We recently got an SWF 1501T with the sequin device. I started playing with it a bit the last couple of days, thought I'd post a picture of a sample of what it can do.

This is a design from Corel that we usually cut out of vinyl and heat press onto t-shirts for the Bishop Ahr High School music department. I took the vectors out of Corel into Embroidery Office 9, converted the text outline to paths and then set the paths to be sequins... Not bad for a first try 

[MEDIA]http://www.cobrapromotionsgroup.com/images/DSC_0124R.JPG[/MEDIA]


----------



## Rodney (Nov 3, 2004)

*Re: Playing with the Sequin attachment*

Thanks for sharing the picture! So this embroidery machine placed all the sequins on the garment automatically from a digitizing file?


----------



## dan-ann (Oct 25, 2007)

*Re: Playing with the Sequin attachment*

Wow that is awesome - I am envious


----------



## tfalk (Apr 3, 2008)

*Re: Playing with the Sequin attachment*



Rodney said:


> So this embroidery machine placed all the sequins on the garment automatically from a digitizing file?

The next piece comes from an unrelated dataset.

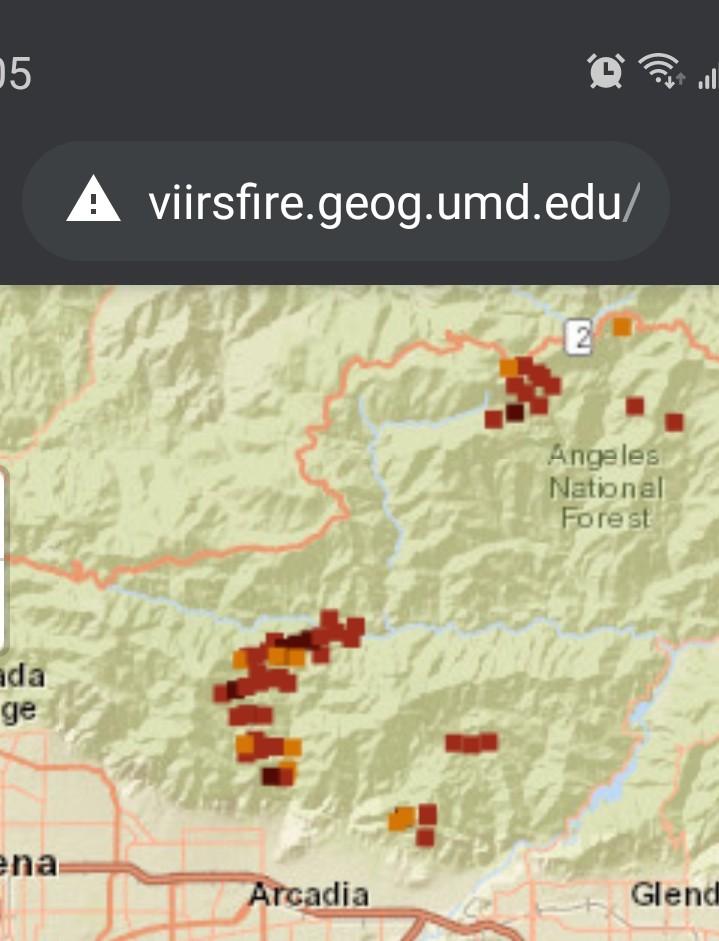 DrWKID's tweet photo. official update on #bobcatfire in #mybackyard, down from 6% containment to 3% of the perimeter under "control line". Satellite themal infrared shows growth to the west towards cultural landmark: Mount Wilson Observatory. #reducefuel w/ #prescribedburns to save cultural assets https://t.co/mUeol96mzr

Exactly! You can take a shape from an embroidery file or bring in a vector shape and convert it to sequin fill or outline.


----------



## mrshill (Sep 25, 2008)

Tfalk, this is awesome! You have done a great job for your first try! Keep up the good work. You got a commercial machine! Good for you. I am still trying to figure out my cutter and tsp software. I am getting there.. 

Thanks for sharing the pic...

Carolyn


----------



## lizziemaxine (Nov 14, 2007)

Wow. That is fabulous. Thanks for sharing.


----------



## turkeycreek (May 19, 2008)

OK Ted--you have made all the embroiderers out here envious.
Questions: What did the SWF with rhinestone attachement and software run in $$ ?
How long after you got the design on the machine did it take to run?


----------



## tfalk (Apr 3, 2008)

I honestly don't know what the machine and software were, we bought an entire package with a heat press, a DTG Kiosk, the 1501T and Design Maxx Expert. It was a pretty steep discount since we bought it at the end of the year...

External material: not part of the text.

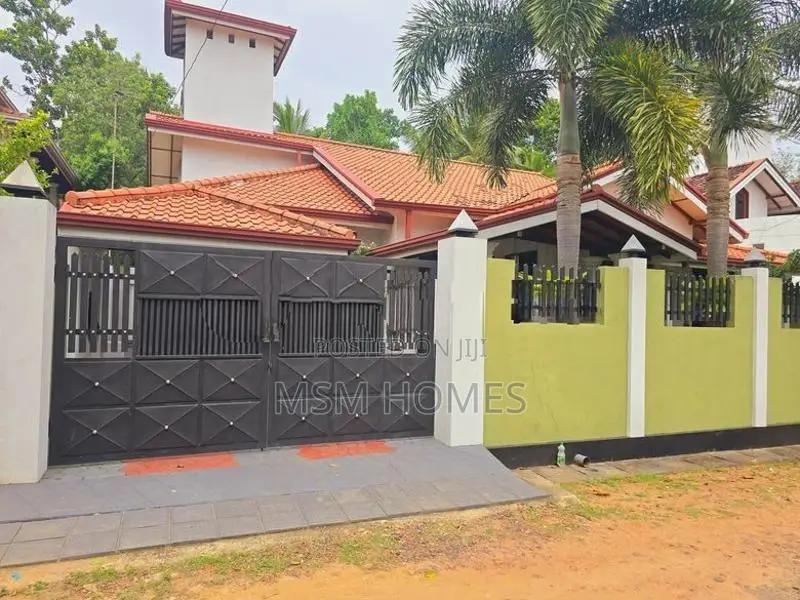 Katunayaka All Complete House For Sale in Negombo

Just to clarify, it doesn't do rhinestones. It's a 1501T single head 15 needle machine with a sequin attachment on the 15th needle. We just got 15 different color sequin reels last week so we're playing with different designs. I'm amazed at just how well it stitches the sequins and it runs around 450 stitches/minute when it's doing the sequins. I've only seen it miss 1 or 2 sequins in the time we've been playing with it.


----------



## turkeycreek (May 19, 2008)

Sorry-I meant sequins---
I'll have some more coffee now!
Thanks--design looks great


----------



## zlf0261 (May 2, 2009)

Nice, But I can see some leave out some sequins, please check.


----------



## PunchMeNow (May 2, 2009)

That Looks beautiful. Im trying to get into that as well. We do embroidery and digital garment printing. Are the sequin attachments expensive?

Thanks


----------



## tfalk (Apr 3, 2008)

We bought a package deal so I'm not sure exactly what the cost of the attachment itself was. You also need software that can generate the sequin fills and appropriate stitch commands.


----------



## djque (Feb 5, 2013)

tfalk said:


> We bought a package deal so I'm not sure exactly what the cost of the attachment itself was. You also need software that can generate the sequin fills and appropriate stitch commands.


I know this aold post but Tfalk where do you buy sequin reels from.


----------



## tfalk (Apr 3, 2008)

Haven't bought any in a few years now. The last ones I got from Melco but they discontinued them. There was another company we got some from but I can't find their name in my vendor list, sorry.


----------